Bon je ne sais pas si c'est l'age de raison qui fait ça mais faut reconnaitre que c'est une sacrée réussite visuelle et artistique. Partant d'une enquete finalement très linéaire, Argento va la sublimer au moyen d'une réalisation parfaite faisant écho à la période dorée voyeuriste de De Palma. On ne compte plus les mouvements de caméra classieux, les gros plans magnifiques et les compositions d'images renversantes ou l'on doit regarder partout afin de trouver les clefs du film.
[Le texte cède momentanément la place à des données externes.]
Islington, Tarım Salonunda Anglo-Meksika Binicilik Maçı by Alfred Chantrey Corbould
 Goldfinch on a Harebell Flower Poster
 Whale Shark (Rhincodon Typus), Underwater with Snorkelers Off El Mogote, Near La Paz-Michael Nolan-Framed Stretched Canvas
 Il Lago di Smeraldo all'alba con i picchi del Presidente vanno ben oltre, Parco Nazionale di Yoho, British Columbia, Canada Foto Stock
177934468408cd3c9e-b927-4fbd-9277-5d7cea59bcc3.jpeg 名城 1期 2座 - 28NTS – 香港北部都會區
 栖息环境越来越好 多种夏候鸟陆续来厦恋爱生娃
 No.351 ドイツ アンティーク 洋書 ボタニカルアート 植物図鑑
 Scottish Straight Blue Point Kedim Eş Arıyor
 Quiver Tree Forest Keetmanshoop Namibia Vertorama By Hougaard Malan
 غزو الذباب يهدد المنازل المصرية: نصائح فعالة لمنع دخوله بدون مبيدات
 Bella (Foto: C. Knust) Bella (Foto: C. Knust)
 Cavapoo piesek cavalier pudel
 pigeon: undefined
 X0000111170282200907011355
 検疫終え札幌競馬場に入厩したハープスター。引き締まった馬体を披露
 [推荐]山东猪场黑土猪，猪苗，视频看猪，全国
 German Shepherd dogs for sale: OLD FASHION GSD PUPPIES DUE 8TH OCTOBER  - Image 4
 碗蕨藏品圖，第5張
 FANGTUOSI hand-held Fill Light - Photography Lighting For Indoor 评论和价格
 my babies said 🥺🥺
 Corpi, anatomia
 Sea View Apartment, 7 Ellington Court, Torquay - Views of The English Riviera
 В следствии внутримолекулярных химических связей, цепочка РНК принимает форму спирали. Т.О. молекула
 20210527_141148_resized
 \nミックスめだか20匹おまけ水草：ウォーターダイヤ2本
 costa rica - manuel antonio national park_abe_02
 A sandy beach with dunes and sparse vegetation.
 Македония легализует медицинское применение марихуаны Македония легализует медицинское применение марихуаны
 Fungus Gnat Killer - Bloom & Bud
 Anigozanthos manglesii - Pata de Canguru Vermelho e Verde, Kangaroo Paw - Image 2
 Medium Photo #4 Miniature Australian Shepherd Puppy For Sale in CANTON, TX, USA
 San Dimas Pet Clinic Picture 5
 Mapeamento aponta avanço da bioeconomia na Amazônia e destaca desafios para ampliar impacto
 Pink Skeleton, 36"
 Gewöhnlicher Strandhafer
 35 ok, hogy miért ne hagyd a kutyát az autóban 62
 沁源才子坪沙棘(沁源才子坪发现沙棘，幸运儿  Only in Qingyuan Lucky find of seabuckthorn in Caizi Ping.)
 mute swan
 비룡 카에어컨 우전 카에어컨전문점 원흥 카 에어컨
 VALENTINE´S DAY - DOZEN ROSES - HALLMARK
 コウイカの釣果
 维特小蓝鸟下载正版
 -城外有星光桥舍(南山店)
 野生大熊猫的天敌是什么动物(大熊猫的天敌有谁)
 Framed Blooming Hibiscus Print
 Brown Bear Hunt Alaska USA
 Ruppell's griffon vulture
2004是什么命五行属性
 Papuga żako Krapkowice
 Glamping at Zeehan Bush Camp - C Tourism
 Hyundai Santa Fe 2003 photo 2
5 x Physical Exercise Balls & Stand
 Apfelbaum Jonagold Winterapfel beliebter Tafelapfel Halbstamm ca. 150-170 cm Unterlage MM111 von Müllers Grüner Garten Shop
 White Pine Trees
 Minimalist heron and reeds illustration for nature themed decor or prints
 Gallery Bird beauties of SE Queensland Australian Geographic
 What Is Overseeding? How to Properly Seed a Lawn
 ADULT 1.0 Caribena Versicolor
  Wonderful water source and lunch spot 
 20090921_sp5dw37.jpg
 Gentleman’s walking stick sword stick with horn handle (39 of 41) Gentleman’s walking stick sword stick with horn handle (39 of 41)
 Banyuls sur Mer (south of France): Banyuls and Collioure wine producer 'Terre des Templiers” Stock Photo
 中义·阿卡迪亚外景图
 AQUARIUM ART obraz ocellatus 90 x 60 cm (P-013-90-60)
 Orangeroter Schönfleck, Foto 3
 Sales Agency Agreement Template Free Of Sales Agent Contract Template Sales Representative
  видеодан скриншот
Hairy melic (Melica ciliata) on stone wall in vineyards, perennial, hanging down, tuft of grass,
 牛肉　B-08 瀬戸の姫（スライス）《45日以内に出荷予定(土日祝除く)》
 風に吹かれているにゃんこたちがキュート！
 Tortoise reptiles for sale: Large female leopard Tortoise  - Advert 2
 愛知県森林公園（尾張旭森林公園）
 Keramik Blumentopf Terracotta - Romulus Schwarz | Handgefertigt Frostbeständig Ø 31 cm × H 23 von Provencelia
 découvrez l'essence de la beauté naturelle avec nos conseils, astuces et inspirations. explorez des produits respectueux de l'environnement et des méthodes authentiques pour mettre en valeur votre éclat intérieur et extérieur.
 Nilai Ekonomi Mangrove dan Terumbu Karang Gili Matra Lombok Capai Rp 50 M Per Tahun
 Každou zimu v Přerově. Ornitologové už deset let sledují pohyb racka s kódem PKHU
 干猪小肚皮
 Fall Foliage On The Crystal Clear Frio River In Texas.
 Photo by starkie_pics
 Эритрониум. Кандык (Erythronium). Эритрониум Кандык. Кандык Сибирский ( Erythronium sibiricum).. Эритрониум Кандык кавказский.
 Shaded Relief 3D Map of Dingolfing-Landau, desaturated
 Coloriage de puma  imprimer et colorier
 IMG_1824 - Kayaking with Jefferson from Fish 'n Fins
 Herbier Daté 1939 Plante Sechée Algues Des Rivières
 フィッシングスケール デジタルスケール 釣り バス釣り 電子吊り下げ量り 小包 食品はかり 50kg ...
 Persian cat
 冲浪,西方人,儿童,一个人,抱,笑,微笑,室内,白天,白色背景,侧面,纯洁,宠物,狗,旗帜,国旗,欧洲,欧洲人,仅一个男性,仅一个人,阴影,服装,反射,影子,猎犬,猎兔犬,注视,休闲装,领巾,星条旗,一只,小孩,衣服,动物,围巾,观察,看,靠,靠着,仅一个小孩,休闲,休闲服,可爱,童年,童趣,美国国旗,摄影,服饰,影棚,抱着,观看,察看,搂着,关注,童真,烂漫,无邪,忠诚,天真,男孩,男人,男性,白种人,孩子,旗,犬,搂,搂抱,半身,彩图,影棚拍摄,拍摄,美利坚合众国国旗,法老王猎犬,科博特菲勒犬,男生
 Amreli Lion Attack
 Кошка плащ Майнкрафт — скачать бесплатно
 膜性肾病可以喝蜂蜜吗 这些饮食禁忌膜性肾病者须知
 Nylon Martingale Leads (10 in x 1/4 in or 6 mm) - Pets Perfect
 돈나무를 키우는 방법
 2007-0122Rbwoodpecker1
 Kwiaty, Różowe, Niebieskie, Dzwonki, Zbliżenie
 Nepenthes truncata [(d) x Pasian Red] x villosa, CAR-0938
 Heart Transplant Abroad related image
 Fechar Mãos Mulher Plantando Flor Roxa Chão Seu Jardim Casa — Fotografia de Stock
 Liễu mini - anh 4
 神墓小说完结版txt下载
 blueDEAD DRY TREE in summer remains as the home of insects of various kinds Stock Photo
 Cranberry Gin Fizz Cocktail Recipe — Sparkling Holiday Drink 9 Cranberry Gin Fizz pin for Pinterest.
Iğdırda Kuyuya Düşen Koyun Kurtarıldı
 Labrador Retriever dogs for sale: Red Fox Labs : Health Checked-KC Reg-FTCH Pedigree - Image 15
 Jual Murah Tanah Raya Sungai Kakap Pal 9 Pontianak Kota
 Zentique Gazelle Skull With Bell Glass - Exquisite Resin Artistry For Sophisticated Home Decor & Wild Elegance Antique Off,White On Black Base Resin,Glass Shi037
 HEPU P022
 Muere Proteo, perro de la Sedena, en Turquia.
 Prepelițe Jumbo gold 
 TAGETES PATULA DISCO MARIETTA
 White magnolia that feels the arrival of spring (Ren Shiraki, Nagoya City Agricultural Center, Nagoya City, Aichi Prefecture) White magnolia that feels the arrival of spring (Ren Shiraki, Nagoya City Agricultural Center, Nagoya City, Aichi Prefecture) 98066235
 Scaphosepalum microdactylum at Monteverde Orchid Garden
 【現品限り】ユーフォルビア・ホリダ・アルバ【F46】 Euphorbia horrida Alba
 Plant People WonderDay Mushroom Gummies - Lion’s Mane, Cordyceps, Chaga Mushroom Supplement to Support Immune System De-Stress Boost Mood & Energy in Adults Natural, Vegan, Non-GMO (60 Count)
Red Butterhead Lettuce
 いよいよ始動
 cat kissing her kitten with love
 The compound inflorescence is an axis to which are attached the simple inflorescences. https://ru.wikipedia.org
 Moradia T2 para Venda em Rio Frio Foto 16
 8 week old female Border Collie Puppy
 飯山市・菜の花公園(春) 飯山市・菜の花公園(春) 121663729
La forme se révèle donc formidable et offre un écrin magnifique à un fond plutot classique mais non moins intéressant. Ayant opté pour la version internationale, je dirais que le rythme est alerte et j'aime assez le croisement des genres opéré par un Argento sur de son sujet. Il n'est effectivement pas aisé de mixer l'enquète policière avec le gore qui tache, le tout matiné d'une certaine fraicheur italienne. Je fais écho aux relations entre les deux protagonistes pour les soubresauts de comédie que certains trouveront inappropriés.
Le film fonctionne donc comme une partie de Cluedo géante dont le dénouement se dévoilera progressivement, au fur et à mesure des découvertes du héros. Mais comme pour sortir du carcan pépère de ce type d'investigation, Argento ponctue son histoire de fulgurances gores bien senties comme pour montrer que l'on est pas là pour se la couler douce. La mort de Macha Meryl se révèle ultra graphique tout comme le brisage de dents d'un des personnages, l'éclatage de tete par une voiture d'un autre ou la décapitation originale du tueur. Ce recours au gore n'est jamais opportuniste puisqu'il s'intègre parfaitement dans une histoire aux multiples changements de tons, ultra maitrisée. Et elle est là la force d'Argento! Celle finalement de nous manipuler par l'image (le tueur est dévoilé dès le début si l'on regarde bien),
de nous effrayer (toute la scène dans la vieille maison avec la découverte du cadavre momifié) mais aussi de nous faire marrer avec la relation ambigue entre David Hemmings et Daria Nicolodi.
J'avoue avoir été sur le cul d'une telle maitrise du cadre. Le score des Goblins n'est jamais daté et donne une vraie dimension aux mouvements de caméra choisis. Rien n'est fait au hasard et chaque objet ou personnage a sa place. Il faut voir la beauté du cadre dans la rue lorsque le héros est témoin du meurtre de la voyante. Seule le De Palma de Pulsions peut se targuer d'une maitrise visuelle supérieure. Mais faut quand meme avouer que le père Argento a signé une péloche d'une beauté confondante, jamais vieillote, captivante et assurément marquante pour quiconque aime le film de genre matiné d'horreur. Deep red est une franche réussite qui se regarde avec un plaisir évident, malgré les 35 ans au compteur du film et meme si l'on connait l'identité du tueur! Le plaisir est ailleurs, dans la beauté des images mais aussi dans un cocktail horrifico-comédie baroque sacrément couillu.